Im Jahr 1914 war die süddeutsche Handelsmetropole Mannheim als Austragungsort
des 19. Kongresses des DSB vorgesehen.
Mannheim - Paradeplatz zur Zeit des Turniers
Der DSB hatte 1914 etwa 5000 Mitglieder (zum Vergleich heute: ca. 90.000), die
in 182 Vereinen organisiert waren sowie auch 135 "Einzelmitglieder" und stand
finanziell gut da. Seit 1901 war Professor Rudolph Gebhardt (*1859) Vorsitzender
des DSB.
Der Mannheimer Schachklub von 1865 wollte mit der Austragung seine
Feierlichkeiten zum 50-jährigen Jubiläum einleiten und die Voraussetzungen
konnten nicht besser sein: Idealere Spiel- und Aufenthaltsmöglichkeiten, als sie
das versteckt im Schlossgarten gelegene "Ballhaus" mit seinen großen und kleinen
Sälen, seiner Terrasse und seinem schattigen Garten bot hätten sich für den
Kongress kaum finden lassen.
Seltsam mag es aus heutiger Sicht anmuten, dass auch sämtliche Spieler, selbst
große Meister, die an der Teilnahme am Internationalen Meisterturnier
interessiert waren, einen Antrag auf Zulassung zu stellen und einen Einsatz
(sprich Startgeld) zu entrichten hatten. Der Ausrichter traf dann in Abstimmung
mit dem DSB die Entscheidung über die Zulassung. Schließlich wurden jeweils 18
Teilnehmer sowohl für das Meisterturnier wie auch für das Hauptturnier
zugelassen, die natürlich - wie damals üblich - vollrundig ausgetragen wurden.
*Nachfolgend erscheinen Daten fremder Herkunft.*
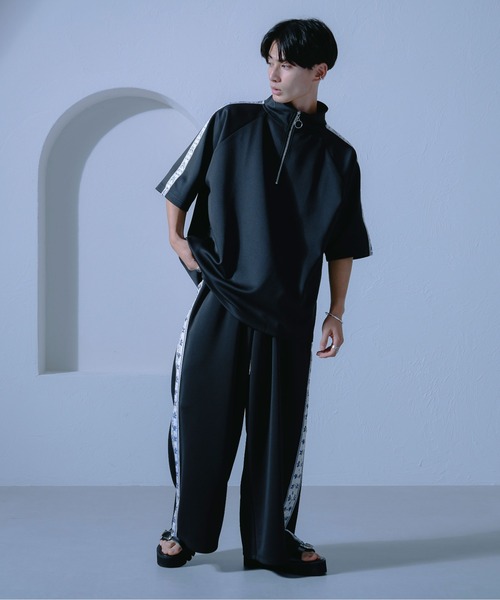 Ellno Loset（エルノロゼット）の「ジャガードラインハーフジッププルオーバー/セットアップ対応（Tシャツ/カットソー・メンズ・ブラック/ブルーグリーン・LARGE/MEDIUM/SMALL）」の9枚目の写真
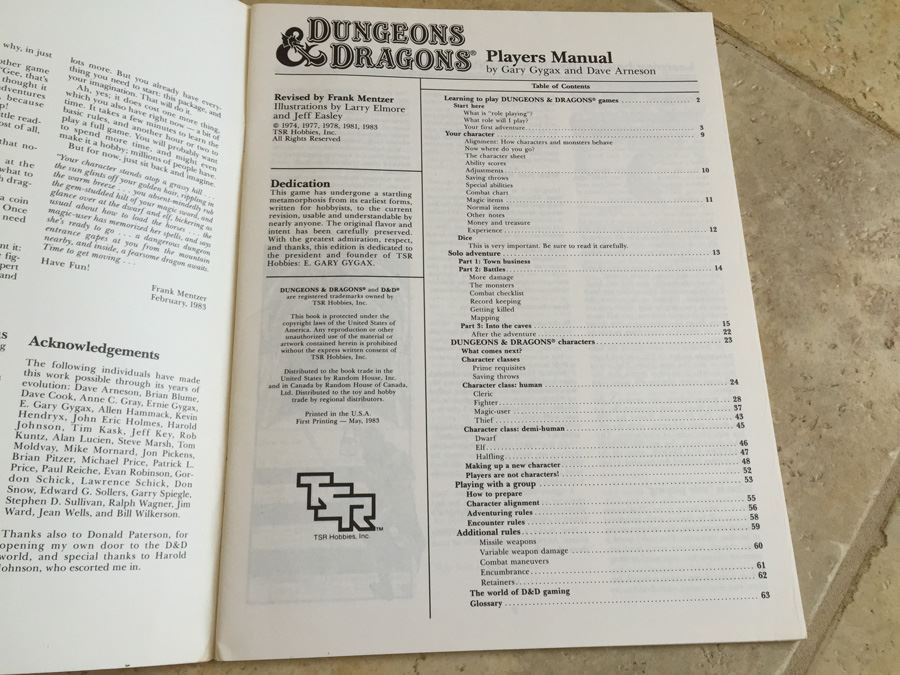 Dungeons & Dragons Players Manual TSR 1983 [Photo 6]
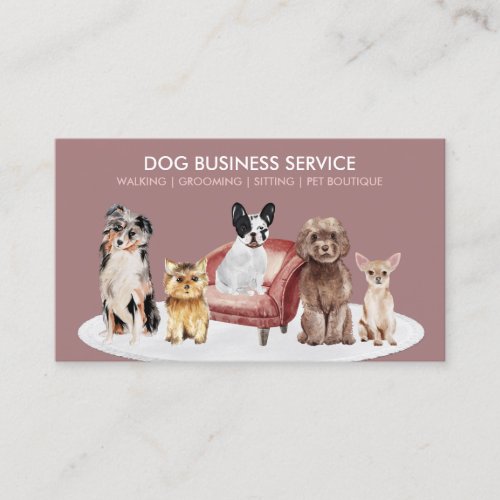 Pink Groomer Dogs Walking Chair Sitting Pet Business Card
Die Bedenkzeit sollte 30 Züge in 2 Stunden und dann 15 Züge pro Stunde betragen.
Verärgerung hatte im Vorfeld das Verhalten der Großmeister Richard Teichmann und
Akiba Rubinstein ausgelöst. Teichmann hatte in letzter Sekunde telegraphisch
abgesagt, während Rubinstein erst zusagte, dann seine Teilnahme von der
Gewährung eines Extrahonorars in Höhe von 500 Goldmark abhängig machte, nach der
Ablehnung aber nicht mehr reagierte.
Im Meisterturnier am Start waren schließlich folgende Teilnehmer:
Aus Österreich-Ungarn:
Dr. Milan Vidmar, Richard Reti, Dr. Savielly Tartakower, Rudolf Spielmann,
Oldrich Duras, Gyula Breyer
Aus Russland:
Alexander Aljechin, Jefim D. Bogoljubow, Dawid Janowski, Alexander Flamberg
Aus Deutschland:
Dr. Siegbert Tarrasch (Nürnberg), Walther John (Breslau), Paul Krüger (Hamburg),
Carl Carls (Bremen), Ehrhardt Post (Berlin) und Jacques Mieses (Leipzig)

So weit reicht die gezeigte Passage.